Thursday, July 4, 2019
Ashburton, Devon
The sweep of history
Places like Ashburton warm the cockles of my heart. Any small town with an ironmonger and a bookshop is bound to please me. Anywhere with a good selection of charming houses, dating from the medieval period to the 19th century, is likely to please me too. Put the two together, with some decent coffee shops and a smattering of other eateries and pubs eateries, and you have a winner.
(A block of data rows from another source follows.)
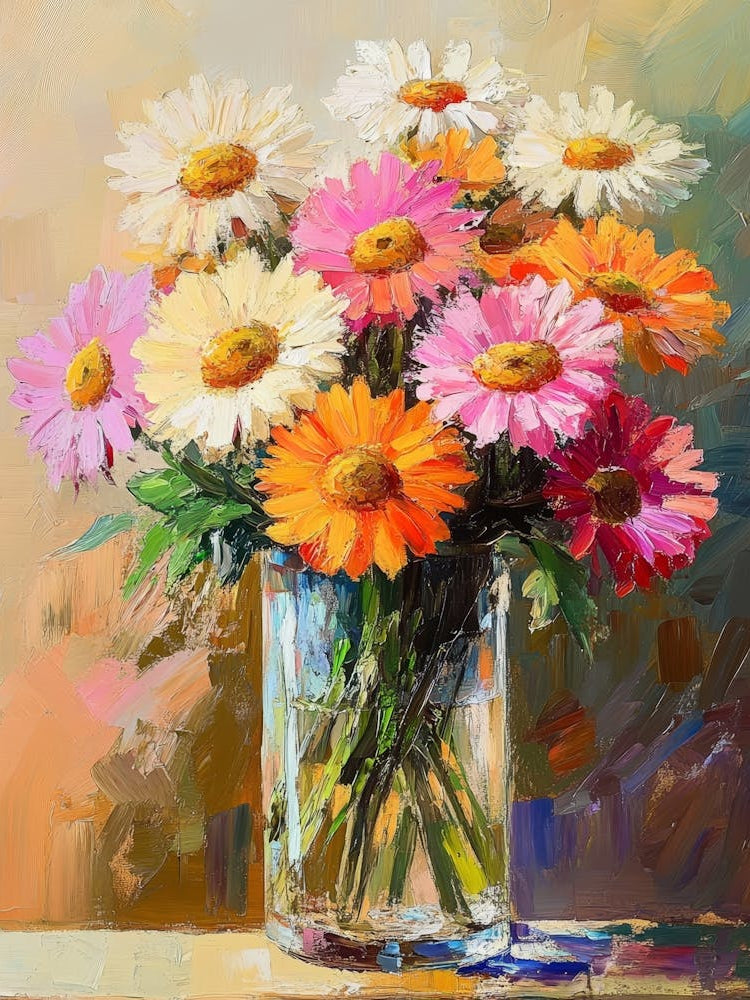 Glass Vase With Bouquet Gerbera Flowers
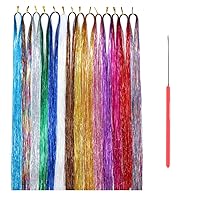 Hair Tinsel Kit with Tool 48 Inch 14 Colors 2400 Strands Hair Extensions Tinsel Kit Glitter Hair Accessories for Halloween Christmas Decoration Women Girls (48 Inch, 14 color)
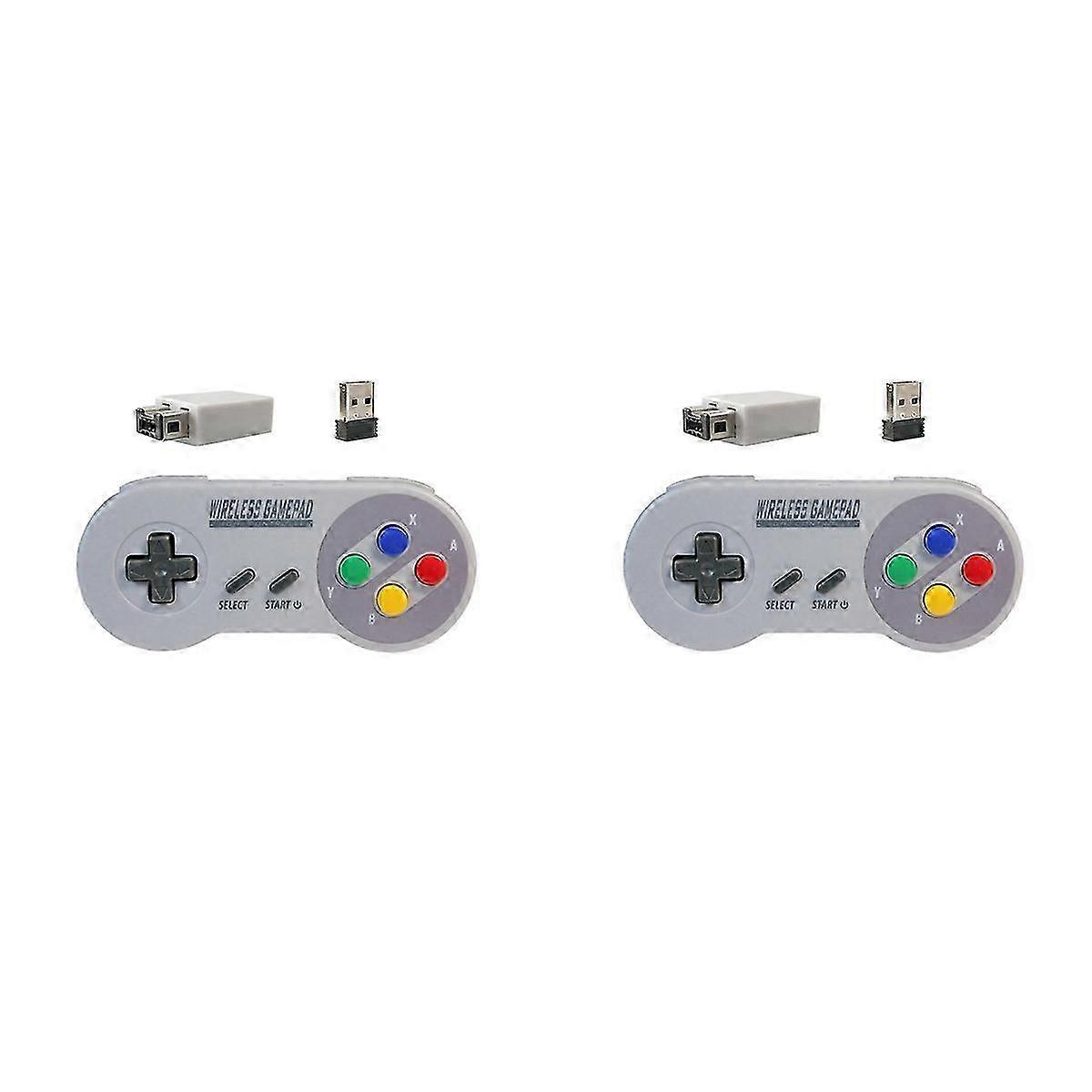 2X Game Controller Wireless 2.4G Gamepad Joypad Joystick Compatible for SNES Mini PC NS Switch Color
I was, of course, immediately attracted to this medieval arch, around which later buildings have grown up and multiplied with a casualness which, combined with slate-hung walls, or timber framing, or decent brickwork, makes satisfying townscape. That sort of satisfying milieu is just the context here, and the arch, charmingly encumbered with washing-up bowls, dog baskets, and other impedimenta of ironmongery, plays its part. It’s thought to be late-medieval, and looks it, and there have been remodellings in various periods, from the 16th century onwards
The building must have changed use a few times. It is said to have once been the Mermaid Inn. It’s easy to start fantasizing about the life this building has seen – everything from drunken brawls to debates about the merits of plastic and galvanized metal buckets – and this modest building played a part in at least one of the pivotal phases of the great sweep of English history. It’s reported that General Fairfax, Parliamentary General of Horse and supreme commander (before he was replaced with Cromwell when he refused to march against the Scots, who supported Charles II), stayed here after he drove the Royalists out of the town on 10 January 1646.
Fairfax is certainly a figure worth remembering, but this small medieval building, with its arch made of huge chunks of granite, is worth looking at for itself. Not least because medieval town houses are unusual. In Devon they’re almost as scarce as hens’ teeth.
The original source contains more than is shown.